C’est bizarre, pensait-il souvent. Il n’y a pas si longtemps, on voyait cela partout, dans les rayons des magasins destinés à Madame, dans les publicités des journaux, sur les séchoirs aux alentours des maisons. Tout cela avait disparu à son grand regret, au profit de la mode. Et pourtant, il se rappelait aussi qu’il n’y prêtait pas grande attention, juste un regard rapide comme celui qu’il se permettait à travers la vitrine du magasin de lingerie.

Malgré tout, depuis quelques temps, il avait remarqué que les choses n’étaient plus aussi radicales, quelques articles dans la presse saluaient un retour de la lingerie coquine, du moins c’est comme cela qu’on l’appelait maintenant. Semblant de certitude pour lui, cette boutique dans la rue n’était pas ancienne, elle avait ouvert ses portes récemment. Sans que la clientèle s’y presse, il avait vu quelquefois des dames y entrer ou en sortir, le laissant songeur sur les achats qu’elles pouvaient aller y faire ou avoir fait. Il se prenait même à rêver que les dames en jupes qu’il croisait dans la rue étaient clientes de cette boutique, prémices d’un nouvel âge d’or.

Cela il n’en savait rien, tout au plus, il avait mené sa propre enquête, bien innocemment, en feuilletant les nombreux catalogues que sa femme, décédée l’année précédente, recevait toujours. Il est vrai que les porte-jarretelles n’y figurèrent plus pendant longtemps. Seule la lingerie fonctionnelle avait remplacé ces délicieuses petites choses qui rendaient les femmes si jolies, tout au plus un peu de dentelle parcimonieuse rappelait encore le bon temps.

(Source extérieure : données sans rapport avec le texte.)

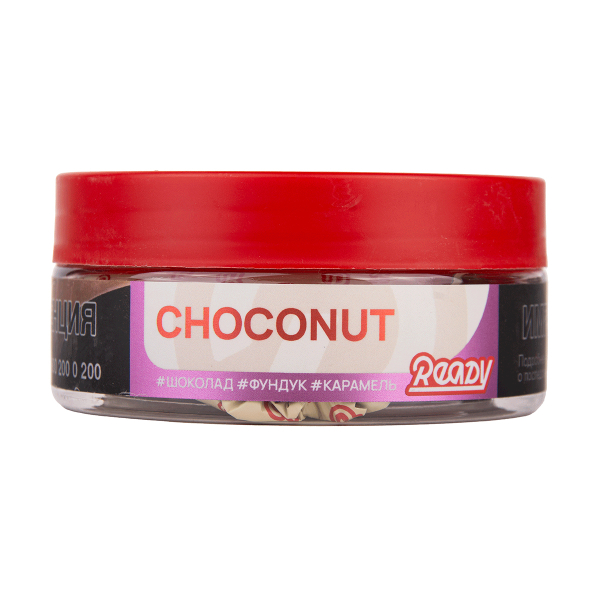 Табак Ready Choconut 100 грамм в Луганске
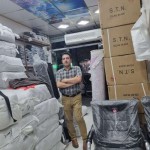 تصویر پروفایل هادی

Mais il fut ravi de constater que les dernières éditions de ces publications de mode permettaient aux porte-jarretelles d’y faire une première et timide réapparition, même assez conséquente dans l’une d’entre-elles.

Pourtant un soir à la nuit tombée, alors qu’il rentrait un peu tardivement de son boulot, il vit une de ses collègues de travail, Christine, qui sortait de la boutique. Imaginant sans en être sûr, que si elle l’apercevait elle se trouverait gênée, il s’arrêta et fit semblant de contempler l’étalage d’un magasin de primeurs. Par chance, elle s’éloigna dans la direction opposée, lui évitant sans doute une rencontre à laquelle il ne tenait pas vraiment.

Il reprit sa marche et passa devant la fameuse boutique, en jetant son regard devenu habituel sur l’étalage de la vitrine, illuminé par deux spots qui mettaient en valeur sa présentation. Aussitôt, son cœur s’accéléra. Depuis plusieurs jours, un magnifique porte-jarretelles rouge attirait son attention plus que de raison, il avait un faible pour cette couleur. Pas plus tard qu’en début d’après-midi, il était encore en vitrine, mais il constata qu’il avait disparu, sans doute acheté par une cliente. Mais justement, un doute il en avait un, et si c’était sa collègue de travail qui l’avait accaparé pour des envies de séduction ?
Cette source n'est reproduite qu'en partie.